Cons of a personal pension

They don't offer the extra money in the form of employer contributions that workplace pensions provide and their management charges may be higher.

You'll need to decide which pension provider best suits your needs and offers the best range of investments and tools.

Personal pension investments

How much money you have at retirement partly depends on the funds the pension is invested in. Most people opt for the scheme's default fund, but you can choose cautious or adventurous funds, depending on your attitude to risk.

Self-invested personal pensions (Sipps) offer a wider choice of investment. Our guide to Self-invested personal pensions has more details on Sipps.

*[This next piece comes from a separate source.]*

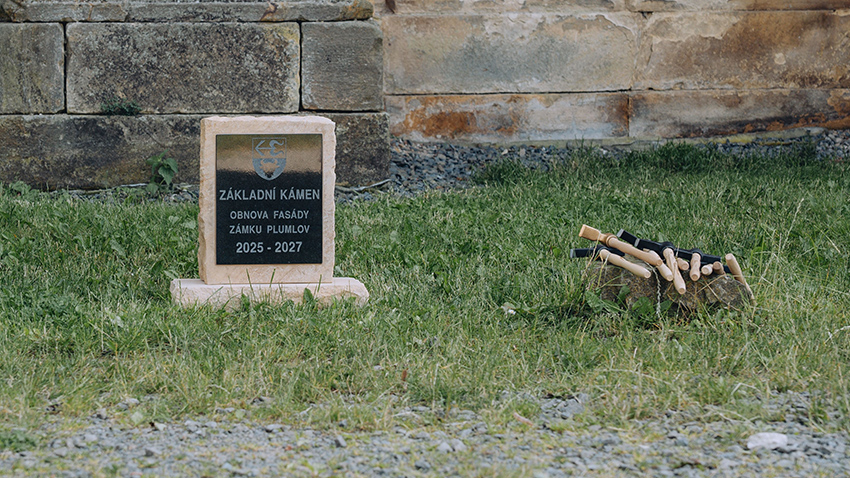 foto: Lukáš Hruban Do Plumlova přijel senátor i ministr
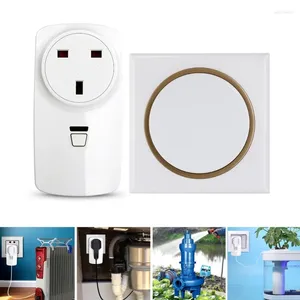 Smart Home Control Socket UK Plug Outlet Afstandsbediening voor huishoudelijke apparaten K1KF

Converting your personal pension

Most people traditionally converted their pension pot into an annuity, which is a fixed sum of money paid out each year until you die. How much you get each year depends on your contributions, investment performance and your circumstances.

For example, you can get a better rate if you suffer from ill health. To learn more about how annuities work, visit our guide, what is an annuity?

You could opt for income drawdown, where your pension pot remains invested and you take money out each year. This is less predictable, as it depends on stock market performance. Since April 2015, you have been able to withdraw all the money, although it will be taxed as income.

Check out our guide for the full list of pension income options.

Self-invested personal pensions

These offer more control and wider investment choice than personal pensions. You can select funds and invest in areas like commercial property.

Sipps offer the same tax relief as personal pensions. They are particularly useful for people with commercial premises, because they can free up funds to reinvest. Sipps also provide inheritance tax benefits.